I picture plants growing greener and flowers larger and more prolific, vines in and out of her work shed, fed by the radiation that would one day drain her very life. Like the areas near the fringes of current day Chernobyl, where the farmers' fruits and vegetables are larger, look more appealing, unless you are warned about the soil they were grown in and the lingering effects of radiation.
Marie had attended The Flying University (also called The Floating University), which was established to provide Polish male and female students higher education at a time when instability in the government prohibited or censored certain teaching. "It was one of those groups of Polish youths who believed that the hope of their country lay in a great effort to develop the intellectual and moral strength of the nation...we agreed among ourselves to give evening courses, each one teaching what he knew best."
Coming from a family of teachers, it was commendable that she chose a difficult road. Or perhaps the road beckoned to her, the road to preserve her native language, the road to explore that which was not known, not familiar. Marie Curie managed to be both wife and mother, scientist and researcher in a time and in a place where a safer path could have been taken.

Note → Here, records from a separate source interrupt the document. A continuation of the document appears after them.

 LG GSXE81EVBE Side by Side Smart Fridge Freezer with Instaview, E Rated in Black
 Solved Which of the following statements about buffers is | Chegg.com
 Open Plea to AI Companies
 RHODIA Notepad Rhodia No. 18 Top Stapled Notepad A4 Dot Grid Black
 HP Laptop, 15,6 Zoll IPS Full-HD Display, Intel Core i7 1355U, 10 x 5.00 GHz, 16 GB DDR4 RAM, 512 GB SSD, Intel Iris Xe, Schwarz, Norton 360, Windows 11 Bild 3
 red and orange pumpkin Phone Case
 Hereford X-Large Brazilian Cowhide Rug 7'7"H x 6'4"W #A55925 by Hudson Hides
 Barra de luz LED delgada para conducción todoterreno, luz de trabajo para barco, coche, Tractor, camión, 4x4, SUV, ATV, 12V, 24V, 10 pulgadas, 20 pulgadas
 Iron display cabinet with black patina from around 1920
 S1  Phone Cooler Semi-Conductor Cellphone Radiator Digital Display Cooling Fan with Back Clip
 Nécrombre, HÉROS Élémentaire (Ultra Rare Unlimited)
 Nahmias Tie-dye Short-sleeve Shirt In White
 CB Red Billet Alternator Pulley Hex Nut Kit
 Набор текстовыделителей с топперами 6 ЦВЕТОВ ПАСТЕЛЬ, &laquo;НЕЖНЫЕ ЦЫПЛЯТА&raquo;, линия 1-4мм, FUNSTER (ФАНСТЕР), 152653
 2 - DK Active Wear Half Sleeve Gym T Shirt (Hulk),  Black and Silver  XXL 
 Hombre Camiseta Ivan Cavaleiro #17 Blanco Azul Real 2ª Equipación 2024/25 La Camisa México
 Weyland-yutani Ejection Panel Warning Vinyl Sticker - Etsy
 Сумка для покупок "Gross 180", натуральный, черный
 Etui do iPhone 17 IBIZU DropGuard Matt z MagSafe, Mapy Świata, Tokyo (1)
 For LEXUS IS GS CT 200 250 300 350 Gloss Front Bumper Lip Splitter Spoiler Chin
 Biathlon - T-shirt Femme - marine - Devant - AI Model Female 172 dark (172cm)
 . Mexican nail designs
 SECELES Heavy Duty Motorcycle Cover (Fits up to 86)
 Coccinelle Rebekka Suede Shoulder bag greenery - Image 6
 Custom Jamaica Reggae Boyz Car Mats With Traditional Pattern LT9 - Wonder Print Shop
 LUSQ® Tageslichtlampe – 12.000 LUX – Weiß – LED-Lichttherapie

What fascinated her about radioactivity? What drove her to instill this passion for science in her own daughter? This was the late 1890's, early 1900's...a time of fashion and art changes in France, where she had become a citizen. She could have let her husband, Pierre, take all the credit while she went shopping for dresses of the day, or spend afternoons sipping champagne in gilded restaurants, yet she did not. They worked together, he setting aside his studies because he knew his wife was onto something important, using an instrument he and his brother invented years earlier. Pierre and Marie shared the excitement and drudgery of experiment after experiment. They shared knowledge and life and death. The specific details of her work can be found elsewhere.
The facts I chose to focus on were minimal yet monumental in the sense that teachers, family and passion play a significant role in one person's life, which in turn can influence millions of lives. Or billions. But that is just my viewpoint on how science collided with me.